_Action item_: Filter the entries below down to the lines that hold "illustration".

++++

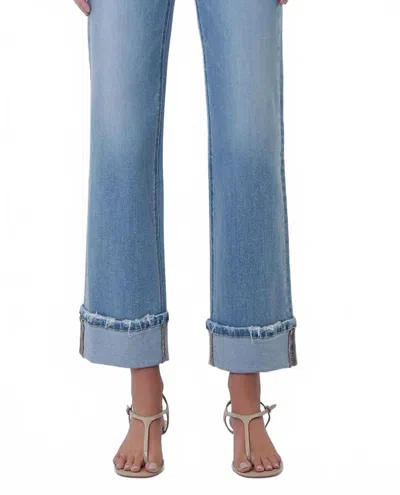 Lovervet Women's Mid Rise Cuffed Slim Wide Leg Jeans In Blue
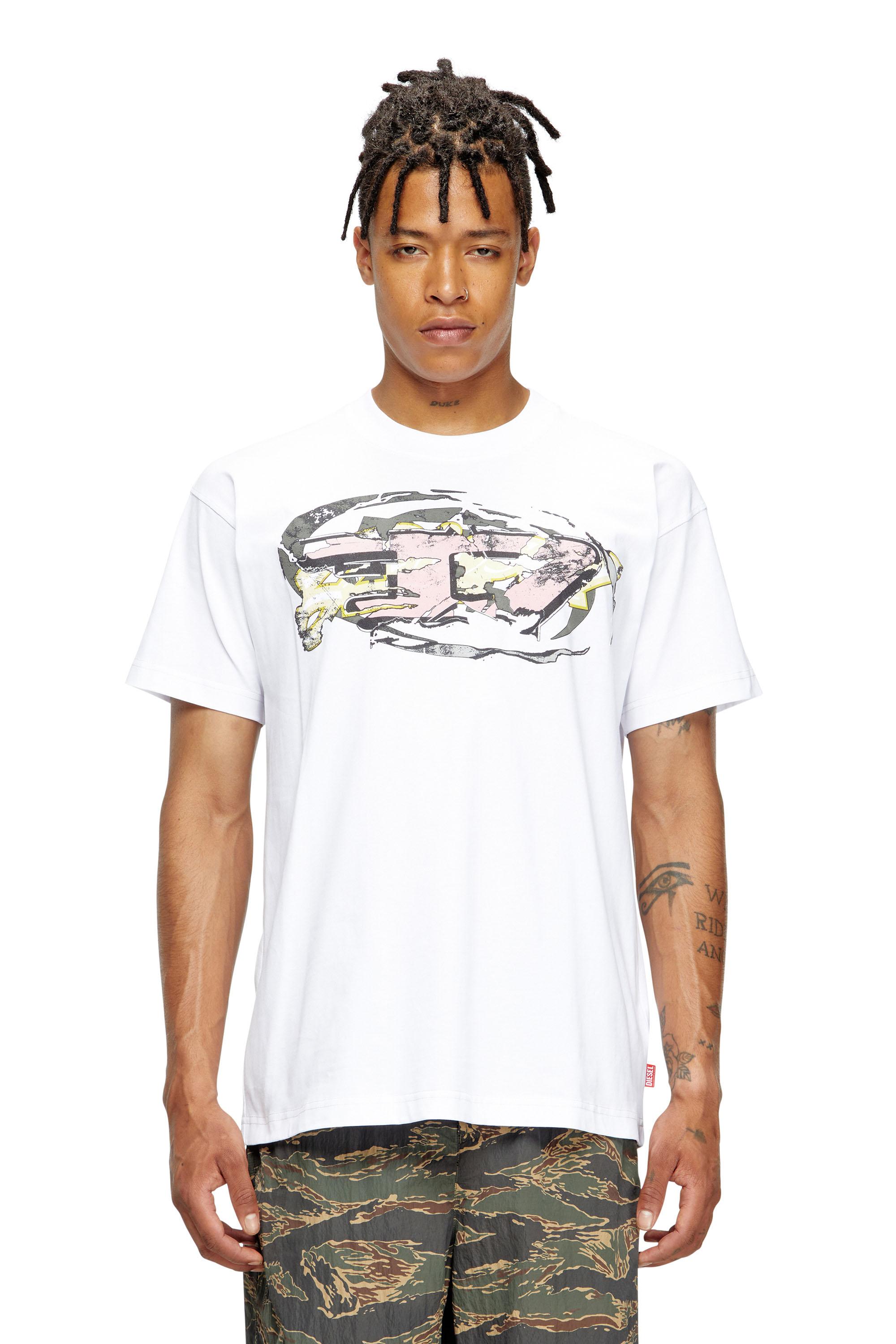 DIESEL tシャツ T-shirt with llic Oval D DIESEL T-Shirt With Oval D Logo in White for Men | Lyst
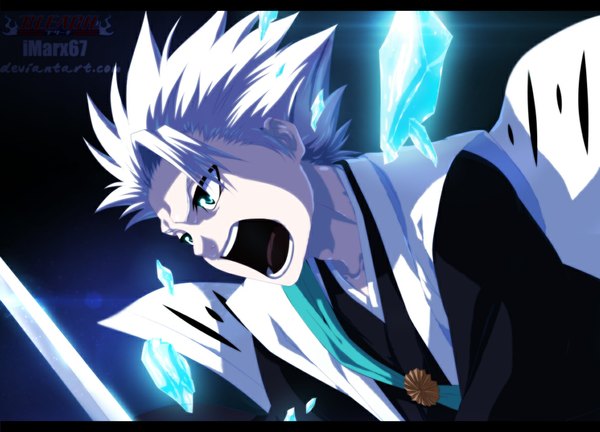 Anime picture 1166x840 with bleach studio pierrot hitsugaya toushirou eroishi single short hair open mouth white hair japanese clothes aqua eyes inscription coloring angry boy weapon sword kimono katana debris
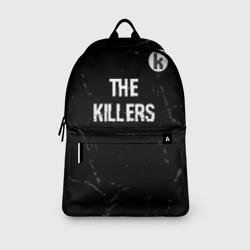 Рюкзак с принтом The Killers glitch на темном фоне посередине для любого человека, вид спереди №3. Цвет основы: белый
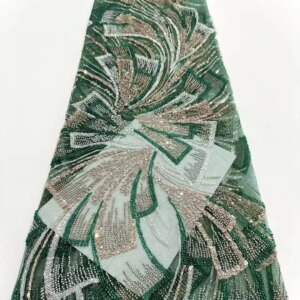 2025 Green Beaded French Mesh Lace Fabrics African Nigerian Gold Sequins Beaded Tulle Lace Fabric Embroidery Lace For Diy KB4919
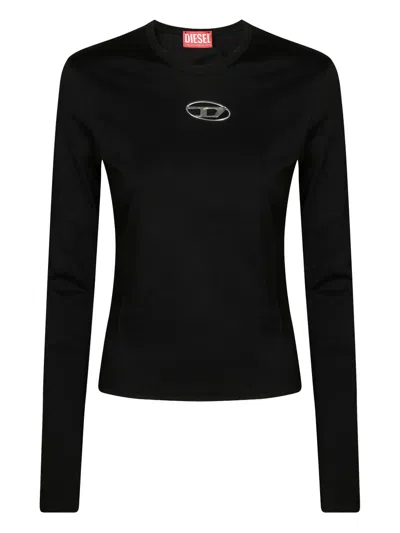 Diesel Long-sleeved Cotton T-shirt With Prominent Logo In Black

++++

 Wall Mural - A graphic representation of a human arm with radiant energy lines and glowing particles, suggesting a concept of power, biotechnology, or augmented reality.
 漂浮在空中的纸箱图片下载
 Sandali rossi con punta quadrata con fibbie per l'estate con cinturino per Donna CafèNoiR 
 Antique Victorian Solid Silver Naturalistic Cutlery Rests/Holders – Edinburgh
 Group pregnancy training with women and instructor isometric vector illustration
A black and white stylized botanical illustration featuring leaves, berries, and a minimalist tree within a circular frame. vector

++++

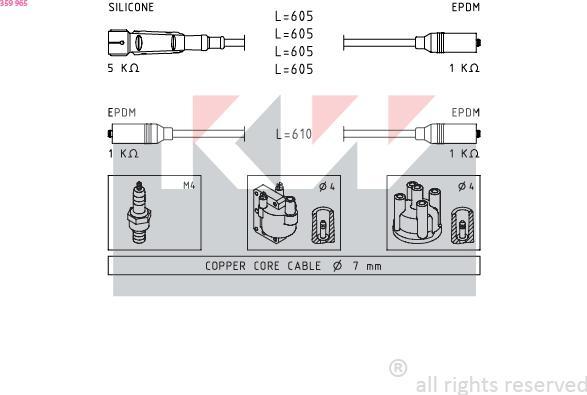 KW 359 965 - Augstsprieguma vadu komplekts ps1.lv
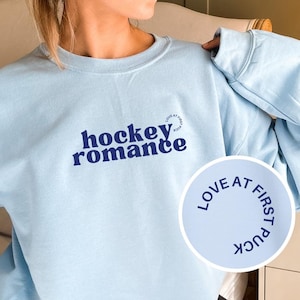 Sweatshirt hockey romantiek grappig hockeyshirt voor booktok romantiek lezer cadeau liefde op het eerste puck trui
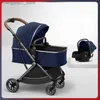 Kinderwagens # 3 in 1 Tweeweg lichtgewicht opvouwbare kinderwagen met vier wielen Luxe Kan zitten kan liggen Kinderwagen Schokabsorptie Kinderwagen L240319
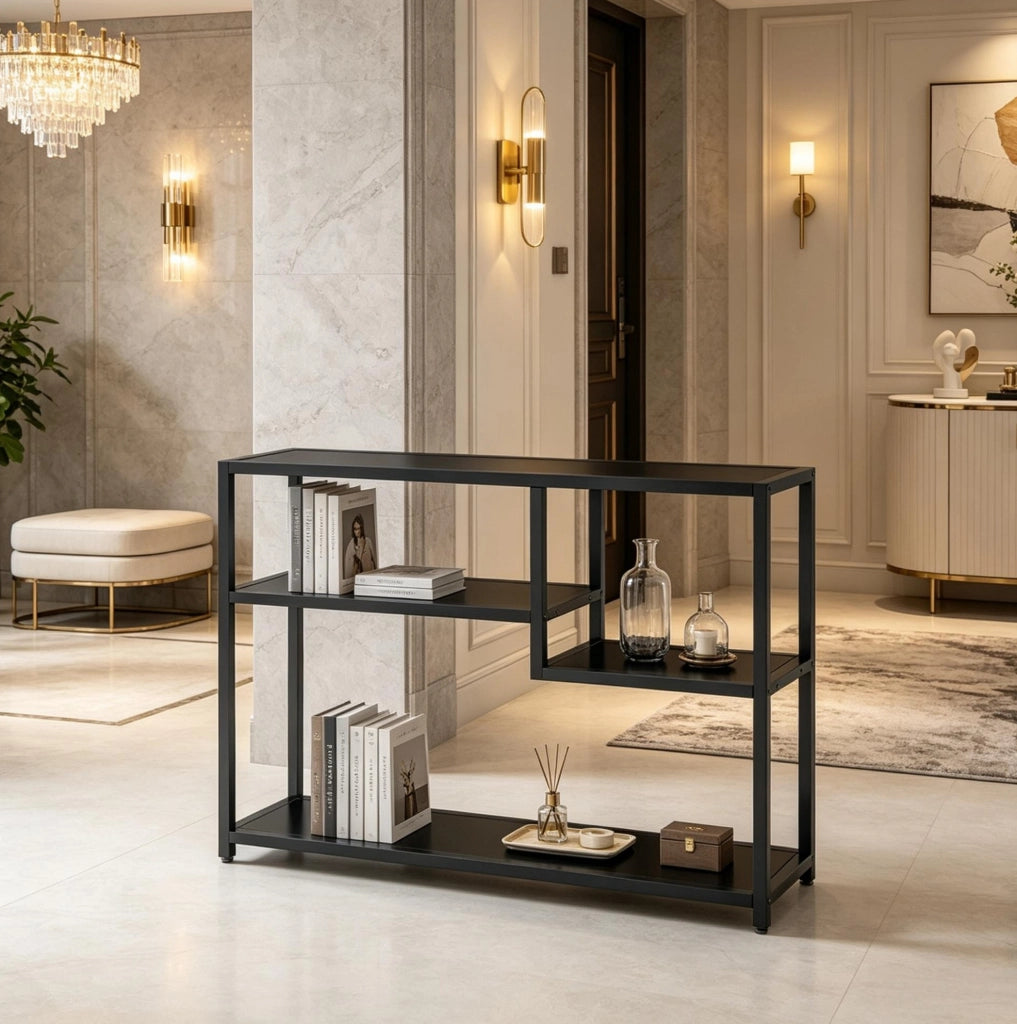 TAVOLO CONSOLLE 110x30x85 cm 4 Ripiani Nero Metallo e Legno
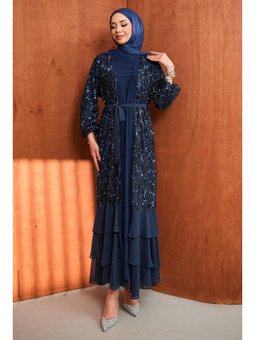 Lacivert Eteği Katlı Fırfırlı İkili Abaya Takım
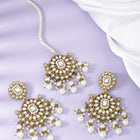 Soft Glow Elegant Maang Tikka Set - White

++++

_Reply to the exercise_:
 Group pregnancy training with women and instructor isometric vector illustration
A black and white stylized botanical illustration featuring leaves, berries, and a minimalist tree within a circular frame. vector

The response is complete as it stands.